Species-specific mechanisms of tumor suppression are fundamental drivers of vertebrate speciation: critical implications for the ‘war on cancer’

• Published in: Endocrine-related cancer Vol. 26; no. 2; pp. C1 - C5
• Main Author: Nyce, Jonathan W
• Format: Journal Article
• Language: English
• Published: England Bioscientifica Ltd 01.02.2019; Society for Endocrinology & BioScientifica Ltd
• Subjects: Ascorbic acid; Body size; Cancer; Clonal deletion; Commentary; Glucose-6-phosphatase; Glucosephosphate dehydrogenase; Importation; Life span; Monkeys & apes; p53 Protein; Reactive oxygen species; Speciation; Tumor suppression; tumor suppression; mouse models; cancer; war on cancer; TP53; p53
• ISSN: 1351-0088; 1479-6821
• DOI: 10.1530/ERC-18-0468

We recently reported our detection of an anthropoid primate-specific, ‘kill switch’ tumor suppression system that reached its greatest expression in humans, but that is fully functional only during the first twenty-five years of life, corresponding to the primitive human lifespan that has characterized the majority of our species' existence. This tumor suppression system is based upon the kill switch being triggered in cells in which p53 has been inactivated; such kill switch consisting of a rapid, catastrophic increase in ROS caused by the induction of irreversible uncompetitive inhibition of glucose-6- phosphate dehydrogenase (G6PD), which requires high concentrations of both inhibitor (DHEA) and G6P substrate.

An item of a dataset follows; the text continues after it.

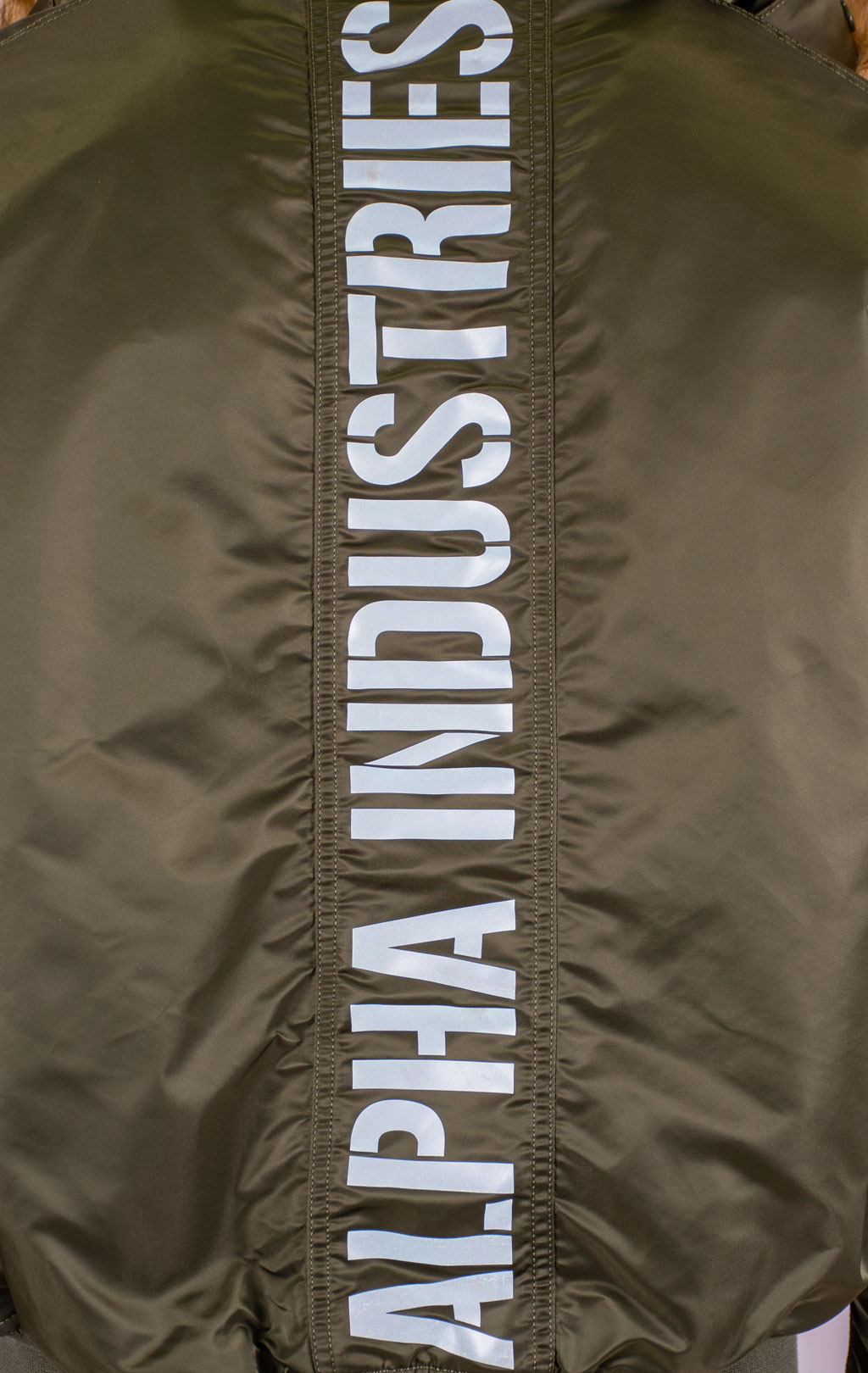 Аляска короткая ALPHA INDUSTRIES 45P HOODED CUSTOM dark green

While high concentrations of intracellular DHEA are readily available in primates from the importation and subsequent de-sulfation of circulating DHEAS into p53-affected cells, both an anthropoid primate-specific sequence motif (GAAT) in the glucose-6-phosphatase (G6PC) promoter, and primate-specific inactivation of de novo synthesis of vitamin C by deletion of gulonolactone oxidase (GLO) were required to enable accumulation of G6P to levels sufficient to enable irreversible uncompetitive inhibition of G6PD. Malignant transformation acts as a counterforce opposing vertebrate speciation, particularly increases in body size and lifespan that enable optimized exploitation of particular niches. Unique mechanisms of tumor suppression that evolved to enable niche exploitation distinguish vertebrate species, and prevent one vertebrate species from serving as a valid model system for another. This here-to-fore unrecognized element of speciation undermines decades of cancer research data, using murine species, which presumed universal mechanisms of tumor suppression, independent of species. Despite this setback, the potential for pharmacological reconstitution of the kill switch tumor suppression system that distinguishes our species suggests that ‘normalization’ of human cancer risk, from its current 40% to the 4% of virtually all other large, long-lived species, represents a realistic near-term goal.